W210 said:
I wouldnt say that a virus evolved until it sprouted chicken legs and started chasing and infecting people.
So, in other words,
you define what evolution is, and not scientists? So what you've been telling us is that you don't believe in
your definition of evolution.
It’s true, the evidence for evolution will not live up to your misunderstanding of it. Evolution is not about “improvements,” though that is often one of its results. Life forms don’t become “better;” they become better able to survive the conditions they find themselves in. But if those “better and improved” life-forms suddenly find themselves in conditions that are opposite to what they developed in, they will perish. So better is relative.
But there is no uncertainty about the process of evolution through natural selection. That theory is as well established as any scientific theory we have, and indeed better than most. Not only is evolution itself well established as the framework for the development of life on earth, but we know with confidence a great many details about the evolution of many species, including humans.
Homo sapiens--modern man—belongs to the phylum Vertebrata. So, also, do all the mammals, fish, birds, amphibians, and reptiles that have ever walked, crawled, flown, slithered, or swum in every corner of the Earth. All vertebrates share a common pattern of basic architecture, which has remained unchanged over millions of years despite the superficial, specialized adaptations that on first consideration might seem to divide the countless species we see around us. Though they differ in surface detail, all are variations on the theme of DNA and the 30 million ways by which it propagates itself. Every living organism that exists today is the product of a chain of successive mutations that has continued over millions of years.
Darwin did not set out to prove evolution because it reflected any ideas he might have had about how societies should function, or because he found it emotionally appealing. He ended up proposing it because he found it best explained the facts available to him. (And the concept of evolution was not something new that came with Darwin. Like so many ideas, it can be traced back to ancient Greece. What Darwin did was offer for the first time an explanation of how evolution could work in a way that was free of supernatural underpinnings.)
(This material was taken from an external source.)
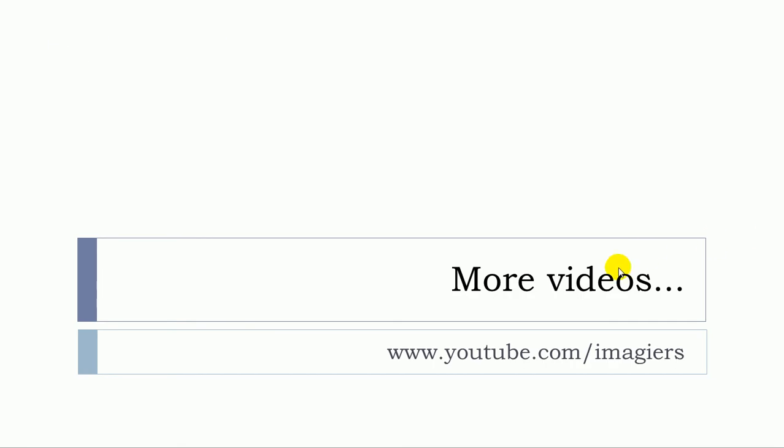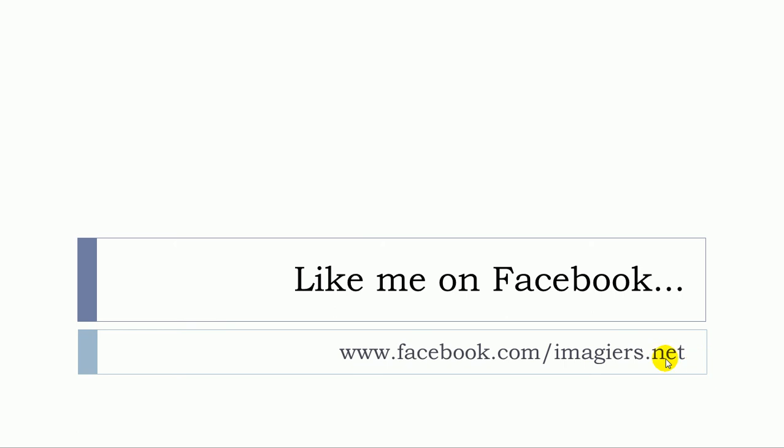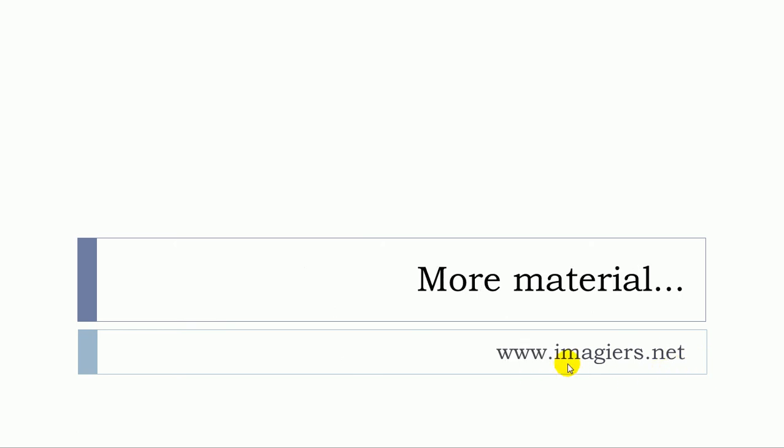And that's it. If you want more videos, the channel is waiting for you on YouTube, and I'm also on Facebook so you can have a look there. More material can be found at the following address. Have a great day, bye bye.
Evolution does indeed offer a consistent and comprehensive interpretation of the facts accumulated from a whole range of disciplines that include paleontology, geology, zoology, botany, embryology, biochemistry, comparative anatomy, anthropology, and behavioral psychology, to name just some. It establishes a common framework within which observations collected from many fields of investigation and tested independently all fit together and have reason for being the way they are. The facts are explained.
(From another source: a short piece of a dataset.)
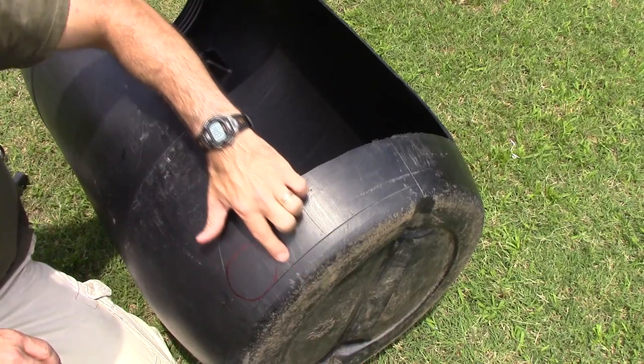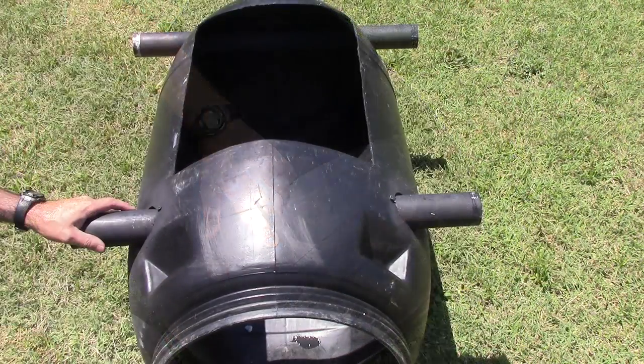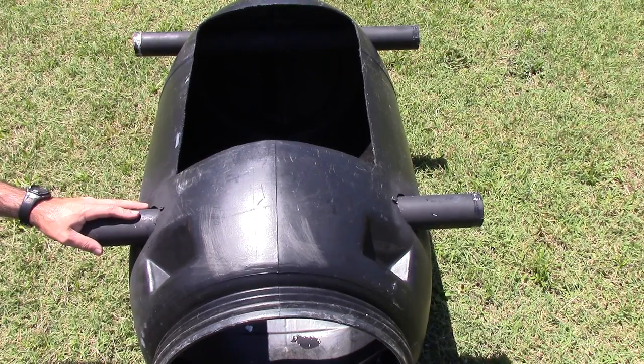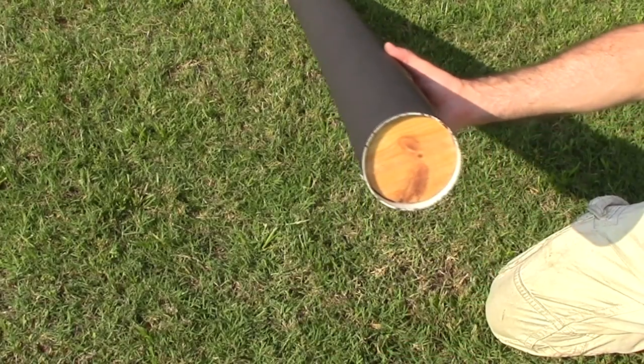The same measurements as the front — it's going to be nine inches down and two and a half inches from the back on both sides. Here I've cut some two inch PVC to 28 inches long and inserted them across both ends.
What can be said in this respect of creationism? First, it offers no reason why—why the anatomy of different species should show any relatedness at all; why the fossil record should show its progressive accumulation of change; why embryos of different species should be more alike at earlier phases of growth, why isolated populations should diverge….The inevitable rejoinder that “it was made that way” merely acquiesces to the fact; it explains nothing. We could say the same about anything and add not one scrap to our understanding of it. But on the other hand, creationist theory requires the assumption that a creator exists, that a supernatural judge of morals exists who is concerned about the day-to-day affairs of people on this planet, that it communicated its motives to chosen writers of ancient books, that those writers were correct, and honest, in interpreting the source of their inspiration, that later translators were equally infallible…and a long list of similar premises that no scientist would entertain for a moment as a basis for constructing a theory.
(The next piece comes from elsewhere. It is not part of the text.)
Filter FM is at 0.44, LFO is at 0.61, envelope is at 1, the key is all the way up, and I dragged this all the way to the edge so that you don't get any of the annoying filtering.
A scientific theory explains most and assumes least. Creationism explains nothing and assumes everything.
If you don’t believe in evolutionary theory, do you have another
scientific theory to replace it, or are you just setting a model example for us of avoidance and denial?
Keep in mind, any explanation for a process has to be consistent with both the historical and fossil evidence and with our knowledge of the abilities of present-day humans and other species. We should also apply Ockham’s razor, and make our explanations as simple as possible, based on the minimum number of (plausible) assumptions. Provided that we proceed in such a fashion, anyone who thinks we have it wrong will have an obligation to come up with a better explanation—a better fit with the known facts and with Ockham’s razor.